--- Data extract ---

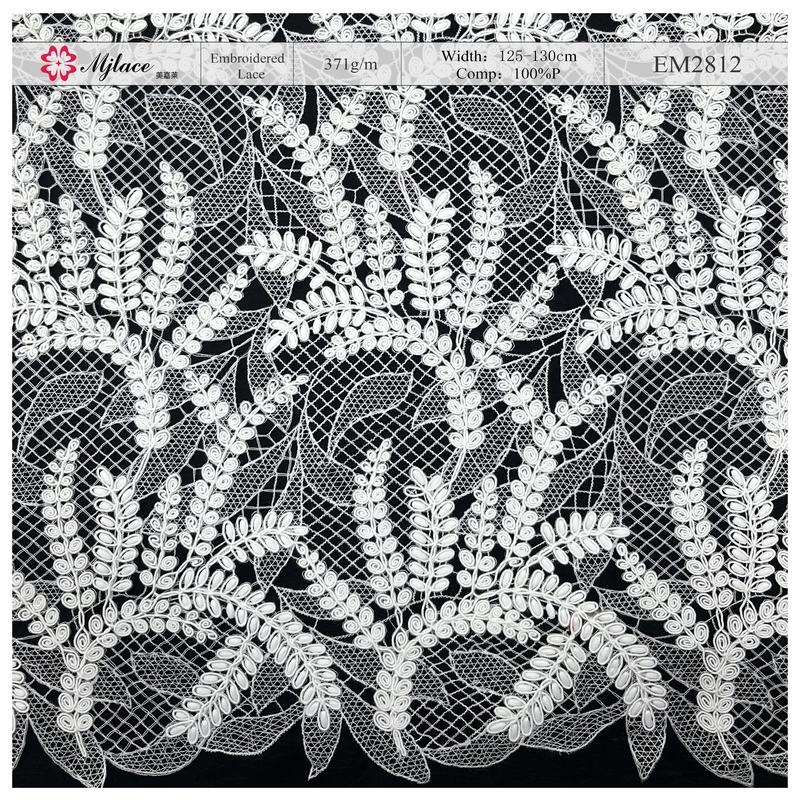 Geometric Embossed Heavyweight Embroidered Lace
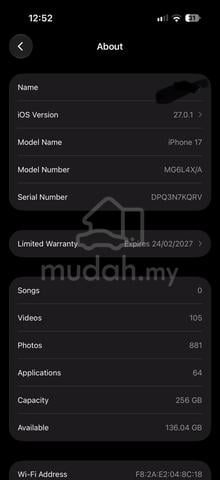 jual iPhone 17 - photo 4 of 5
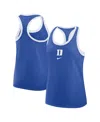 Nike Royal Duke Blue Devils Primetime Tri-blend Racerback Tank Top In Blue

---

Go through the listing above and retype each line exactly, apart from the pictures.

- Output below
 Geometric Embossed Heavyweight Embroidered Lace
 jual iPhone 17 - photo 4 of 5
 Nike Royal Duke Blue Devils Primetime Tri-blend Racerback Tank Top In Blue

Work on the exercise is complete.